The company acknowledged the flaw and said it's issuing a software fix. But
as is often the case with Internet security, it may take time for users to
adopt
the fix, leaving them vulnerable meanwhile.
"It's a very big trapdoor," said Dietrich Kappe, a partner with Red Planet
L.L.C., an Chicago Internet consulting firm. "You can drive a truck through
it. Somebody goofed" at Netscape, he added.
The breach presents a problem for Netscape, which produces the most
popular software for browsing the World Wide Web, the multimedia portion
of the Internet where businesses are setting up electronic storefronts to sell
goods and services. Netscape has captured roughly 75% of the "browser"
market, reaching roughly eight million people, who use the Netscape
product to browse the Web and make credit-card purchases.
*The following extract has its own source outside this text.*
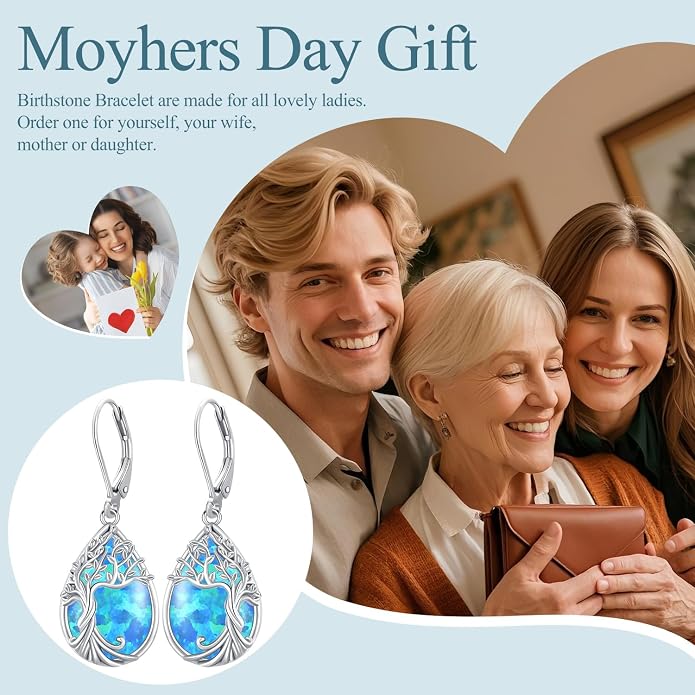 Odinstone 925 Sterling Silver Earrings Tree of Life Teardrop Moonstone Dangle Drop Leverback Earrings for Women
The breach
also underscores the persistent security problems that have plagued the
Internet and forestalled electronic commerce.
Netscape uses so-called symmetric key cryptography to scramble sensitive
data so that they are unreadable by hackers snooping on the network. That
key is essentially a mathematical formula so long that it makes it impractical
for hackers to crack, even with powerful computers. The formula is
generated by a random number that may be determined by the number of
electronic-mail messages, for example. Netscape's software chooses a
number between one and two-to-the-30th-power -- or roughly one billion.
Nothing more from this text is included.